The Newsletter of the USS SLATER's Volunteers
By Timothy C. Rizzuto, Executive Director

Destroyer Escort Historical Museum
USS Slater DE-766
PO Box 1926
Albany, NY 12201-1926

Phone (518) 431-1943, Fax 432-1123
Vol. 19 No. 7, July 2016

I took two weeks off this month. I was somewhat worried about leaving, because there are only three of us on permanent staff, and our interpretation coordinator, Shanna Hopson, was planning to take one of the same weeks off to attend the wedding of a close friend in Montana. In addition to that, my dependable maintenance backups, Doug Tanner and Barry Witte, were both planning to be away during that same time period. That left Rosehn Gipe pretty much alone, to run the whole dog and pony show.

For once I made sure that everyone had my cell phone number and that my cell phone was charged and on my person at all times. Those who know me know that this is most unusual behavior, because most of the time I can't even find my cell phone. Thus, it was with a sense of panic that, when I arrived at our cabin in the woods, I found that I had no cell phone reception. I had no computer and thus no Internet access, so I was truly off the grid. I immediately called and left the house phone number on the ship's answering machine, and Rosehn's cell phone. Having done everything I could to make sure that I was available to solve any problems that might come up, I stood by and waited for a call. That call never came.

The fact that this place operates smoothly, with the absence of two thirds of the regular staff, is a testament to Rosehn, as well as the interns and volunteers who make up this crew. In fact, many of the volunteers suggested that it runs smoother in my absence. It may be appropriate here to say a few words about Rosehn Gipe. I've always felt that if I could do my job in anonymity, I'd be perfectly content to let the volunteers take the credit for any success we might experience. But the nature of the business requires that somebody be the "Front Man." My point is that as our business manager, Rosehn, carries this desire for anonymity even further than I do. All she wants is to be allowed to do her job, and to be respected for her competence.

I first met Rosehn when she applied to be a tour guide at the USS KIDD, in Baton Rouge. I hired her because she was the first person I ever met who used the word "organized," to describe herself. She stayed with us for a few years, and moved on to a position with the National Music Museum in South Dakota, and we went our separate ways. It was sometime in 2003 that she contacted me and said she'd been following our progress online through SLATER SIGNALS, and if we ever had an opening she'd be interested in working for us.
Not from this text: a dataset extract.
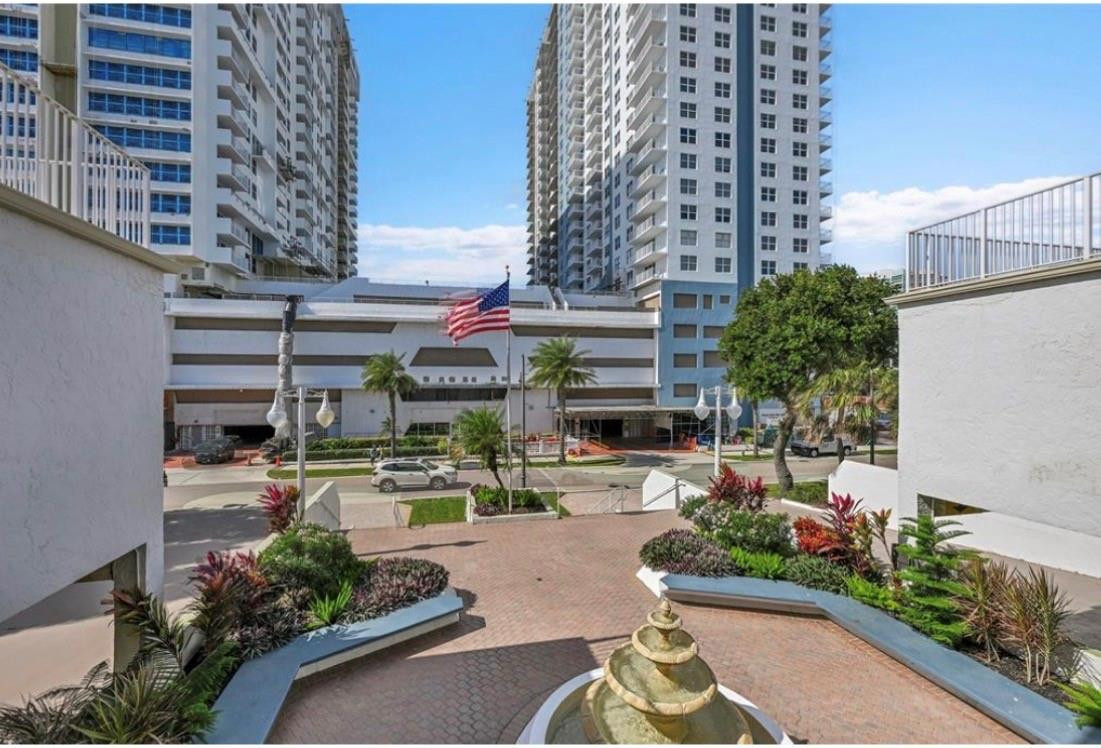 Pompano Beach Club North - Residential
Along the way she had completed her teaching certification, gotten an MBA, worked for Edward Jones gaining investing experience, and gained additional curatorial expertise. This is an individual who reads IRS Tax codes for recreation, and if you ask her, she'll let you know that gambling and bribery are reportable forms of income. I don't think anyone could have come into a small museum better prepared to handle all the business aspects involved. But there was always the fear that I was inviting a person to relocate across country, when I couldn't be sure of our financial viability.

The need to get our house in order overcame that fear. At the time, my admin was a mess, accounting was outsourced, and bills weren't getting paid on time. I knew she was just the person to take charge of the administration and pull things together. It was a once in a lifetime opportunity to put this organization on the right track. She's far exceeded my expectations. Most important, she has played a major role in ensuring the financial viability that I once had questions about. Among the laundry list of tasks that constitutes her job description, she answers the phone, books the tours, does the daily reports, generates the monthly financial statements, keeps me focused on what I need to be doing and keeps up with the myriad of governmental reporting requirements that all small businesses must deal with.
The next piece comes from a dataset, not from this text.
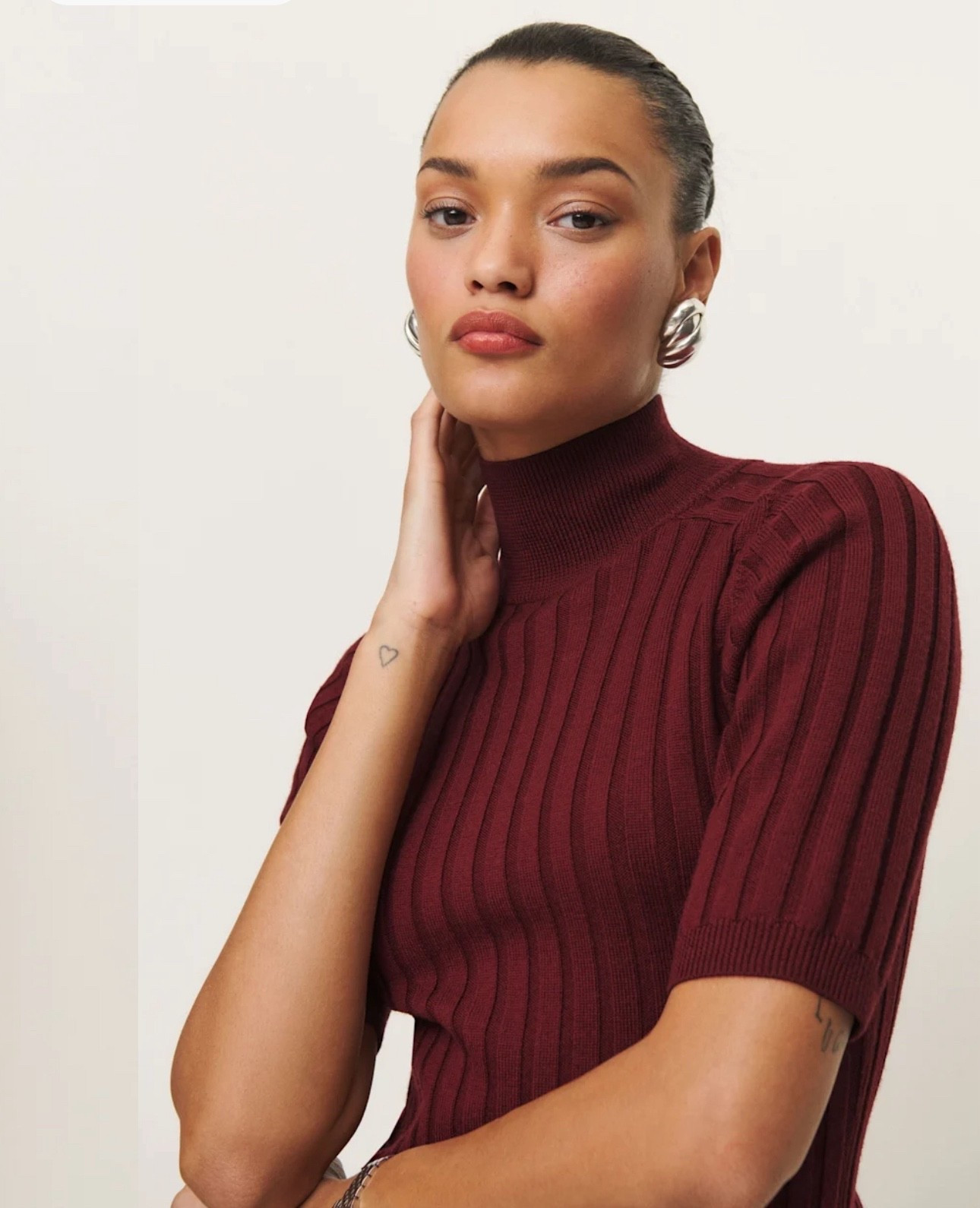 This sweater + dark wide leg denim + pointy toe boots + chic coat = the perfect fall outfit #reformationsale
It's also a testament to our interns and volunteers, who have the initiative and desire to keep things running without any direct supervision. In my absence, Claire Burgon had posted and completed a stack of thank you letters for me to sign. Our Sunday team, led by Vince Knuth, continues to garner rave reviews on "Trip Advisor." The summer edition of TRIM BUT DEADLY got mailed, and was waiting for me at my house when I got home. And Shanna Hopson figured out how to work with Thomas Scian to keep up with the Facebook posts, so no one ever knew I was absent. It has been quite a busy month, with visiting summer camps from the area. Large groups have come to visit on a daily basis and take a tour of the ship, leaving with a new appreciation of their air conditioners!

The month of July began with a reunion of the Schriner family, who came in from all over the country to honor Michigan volunteer and former DE Sailor, the late Tom Schriner. Tom was a regular with the Michigan Chapter work weeks, as a welder and cook, for many years. On July 6th, his son Joe organized a gathering of the whole Schriner clan to remember Tom in a memorial aboard USS SLATER. It was a wonderful and moving event. Thanks Joe, for putting it all together.
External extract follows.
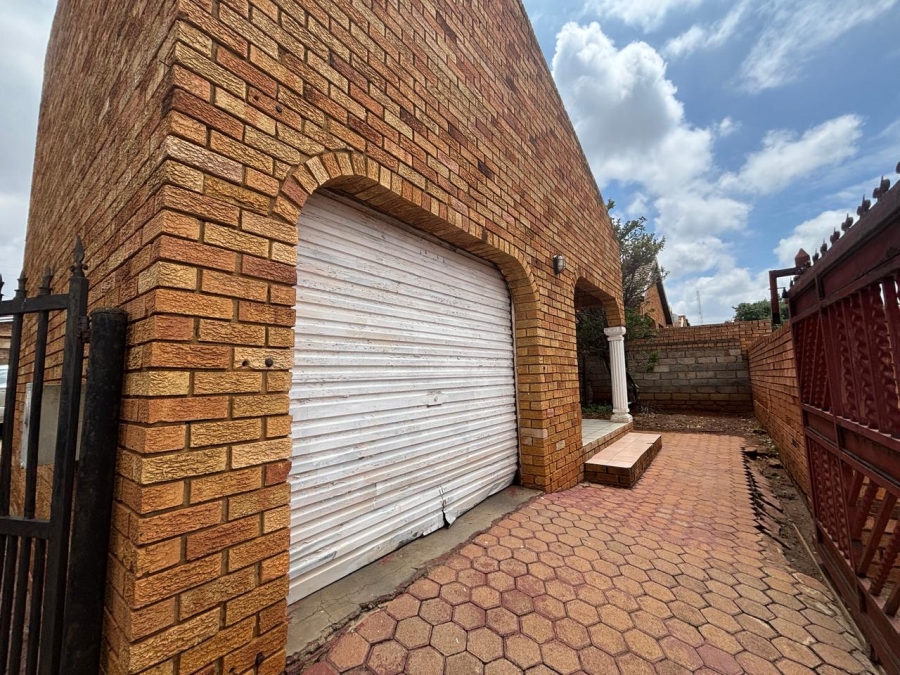 3 Bedroom Property for Sale in Protea North Gauteng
Zach, one of our high school volunteers, worked this month on tour duty as well as some projects, helping Shanna in the Special Collections space. He worked on many organizational tasks, preparing for the day when maintenance is finished and we can get the space set up again. While on tour duty, Zach's visitors had this to say: "Our tour guide, Zach, was very knowledgeable and informative. I have taken the tour several times before, but it's been a few years, and I learn something new every time. Zach knew so much about the ship, he didn't leave our group with very many questions, but when we did have one, he knew the answer. He should be commended for his good work."

TripAdvisor reviews show people are impressed with our tour guides! "Tour was awesome and tour guide, Dan was extremely knowledgeable. I have driven past the ship thousands of time before stopping and am so happy I did." "The tour was fascinating, the tour guide, Jon, was interesting and knowledgeable, and I would recommend this to anyone who wants to further their knowledge about the realities of what it meant to fight on a destroyer escort. You will learn a lot."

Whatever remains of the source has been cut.